Il pigmeo, muovendo con prudenza anche gli occhi, mi fa capire d’esser sicuro che sia “lui”.
Siamo a quindici metri, forse meno, e nulla si muove.
Poi d’improvviso l’animale dondola un po’ e fa un passo avanti, esce da un grosso fascio di liane pendenti e mostrandomi una delle zanne che ben avevo impresse in mente, mi offre la tempia.
Mentre collimo penso : “ Dopo tutti questi giorni di fatica, adesso è troppo facile”, e lascio andare il colpo.
Mi arriva la robusta sberla del 500 ed il rumore, stranamente ovattato dalla vegetazione, si smorza.
Riallineo immediatamente e guardo cosa è successo. L’animale è scosso da un violento tremito e rovina a terra trascinando con se un intrico di verde.

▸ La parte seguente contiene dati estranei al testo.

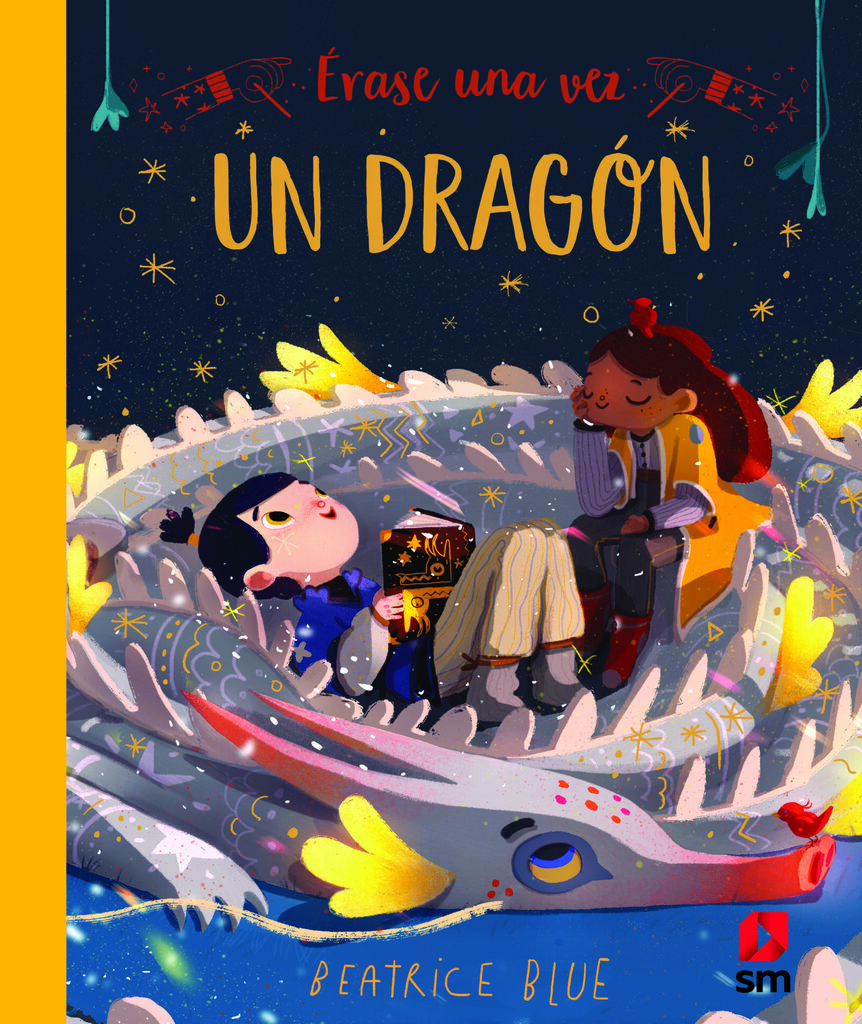 Érase una vez un dragón Érase una vez un dragón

Sento il fracasso del giovane ascaro che se ne va.
Più niente, resto immobile non saprei dirvi per quanto.
Riprendono i ronzii degli insetti, il berciare delle scimmie, il monotono canto degli uccelli : il re è caduto.

Il misto di esaltazione e tristezza, che solo un cacciatore conosce, mi prende mentre con le mani non ancora del tutto ferme accendo una sigaretta.
Oggi a questi ricordi s’aggiunge una nota di grande rimpianto per un mondo ed una età (anche mia, s’intende) che non ci sono più, e per il triste destino che dovette subire quel magnifico paio di zanne.
Bah…. Ad una sola cosa non c’è rimedio !, va là.